When 50 or so registered smacks left Ramsgate Harbour with every incoming tide in 1863, there would have been a skipper and four members of the crew on board, most of whom would have been smack boys of varying ages. By 1906 this number had swelled to 168 sailing smacks – Ramsgate was a popular seaside resort by then and needed plenty of seafood for its tourists. Just imagine how many boys that makes who had no home to go to when they came ashore other than Canon Brenan’s Home for Smack Boys.

Canon Brenan put pressure on the Board of Trade, when he realised that there was nobody looking after these boys when they came ashore. Many of these boys seem to have been orphans and were probably coming from orphanages and workhouses straight onto the sailing smacks, when they were deemed old enough to earn a living (probably aged 10!). No other British fishing port copied this excellent idea, so Ramsgate’s Smack Boy Home is quite unique in its modern and charitable approach to one of the hardest professions on earth.

Recalling Childhood Memories

There are still a few elderly residents around who were smack boys and it would be wonderful if the Ramsgate Historic Society recorded their story before it’s too late and these precious memories are lost for good.
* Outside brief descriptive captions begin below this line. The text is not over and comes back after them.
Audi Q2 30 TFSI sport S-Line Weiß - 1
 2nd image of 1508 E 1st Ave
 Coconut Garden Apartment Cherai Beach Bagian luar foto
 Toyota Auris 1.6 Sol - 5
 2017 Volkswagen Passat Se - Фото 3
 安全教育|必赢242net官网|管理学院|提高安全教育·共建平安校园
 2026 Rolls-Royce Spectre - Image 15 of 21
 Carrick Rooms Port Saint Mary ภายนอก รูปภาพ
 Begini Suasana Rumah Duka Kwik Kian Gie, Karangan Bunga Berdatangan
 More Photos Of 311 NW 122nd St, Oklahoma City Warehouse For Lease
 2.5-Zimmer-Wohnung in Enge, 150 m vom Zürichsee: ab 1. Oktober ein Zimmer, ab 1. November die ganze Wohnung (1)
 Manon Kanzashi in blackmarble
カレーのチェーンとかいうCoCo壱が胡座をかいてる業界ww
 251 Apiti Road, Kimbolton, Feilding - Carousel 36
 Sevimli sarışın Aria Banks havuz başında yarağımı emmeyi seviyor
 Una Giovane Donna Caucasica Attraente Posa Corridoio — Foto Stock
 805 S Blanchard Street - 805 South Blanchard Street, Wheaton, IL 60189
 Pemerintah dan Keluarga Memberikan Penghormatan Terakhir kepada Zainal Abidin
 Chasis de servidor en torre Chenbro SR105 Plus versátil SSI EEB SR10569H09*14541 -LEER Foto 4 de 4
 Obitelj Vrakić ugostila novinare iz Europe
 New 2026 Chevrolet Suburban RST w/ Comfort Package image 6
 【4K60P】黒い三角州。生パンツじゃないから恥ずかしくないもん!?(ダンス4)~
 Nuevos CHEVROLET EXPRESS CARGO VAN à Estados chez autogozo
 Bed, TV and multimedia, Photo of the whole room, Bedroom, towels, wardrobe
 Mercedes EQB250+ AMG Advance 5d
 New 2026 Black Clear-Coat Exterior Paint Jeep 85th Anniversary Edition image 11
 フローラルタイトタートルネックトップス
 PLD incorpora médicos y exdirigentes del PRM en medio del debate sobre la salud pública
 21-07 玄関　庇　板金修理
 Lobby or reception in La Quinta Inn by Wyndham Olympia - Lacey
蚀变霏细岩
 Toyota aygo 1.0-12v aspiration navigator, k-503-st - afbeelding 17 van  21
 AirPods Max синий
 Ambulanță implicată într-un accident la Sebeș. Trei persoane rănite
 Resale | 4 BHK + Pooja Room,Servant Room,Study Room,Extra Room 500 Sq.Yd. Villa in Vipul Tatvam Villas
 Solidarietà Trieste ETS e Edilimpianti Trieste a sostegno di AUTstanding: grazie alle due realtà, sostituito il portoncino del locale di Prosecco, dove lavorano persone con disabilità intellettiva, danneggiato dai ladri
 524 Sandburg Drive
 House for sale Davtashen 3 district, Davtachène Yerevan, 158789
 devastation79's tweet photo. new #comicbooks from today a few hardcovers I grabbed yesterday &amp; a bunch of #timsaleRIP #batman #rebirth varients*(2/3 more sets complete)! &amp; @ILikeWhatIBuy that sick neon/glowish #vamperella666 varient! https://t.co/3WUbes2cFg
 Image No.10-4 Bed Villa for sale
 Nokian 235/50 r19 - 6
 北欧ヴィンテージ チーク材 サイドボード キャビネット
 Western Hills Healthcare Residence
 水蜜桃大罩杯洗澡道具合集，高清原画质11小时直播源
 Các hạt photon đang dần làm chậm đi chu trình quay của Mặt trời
We rarely hear from children in history books, and interviewing the surviving smack boys seems such a worthwhile thing to do.

Combined with the Goodwin Sands disasters, the smugglers’ caves all around and the illustrious personages who stayed in Ramsgate at one time or another, there is rich material here for novelists. In this port the past is still casting a long shadow over the present.

The town’s inhabitants have experienced such truly astonishing events since the building of the smack boys’ home that it is hardly surprising many of them keep one foot firmly planted in the mists of time and rarely risk a reluctant toe dipping into the here and now. Our surroundings shape us in many different ways as individuals and communities. The best writers know how to exploit this to their advantage. Still suffering from a blank page and a horror to fill it with words?

Next time you’re out for a stroll because you’ve got a small attack of writer’s block, take a good look at those all too familiar facades in your street. What lurks behind them historically and how has that influenced you? Start with the boy/girl in the mirror and before you’ll know it, that empty page in front of you is no longer staring back blankly. Smack in the middle of your familiar home town, you can discover something new and exciting about your community and yourself.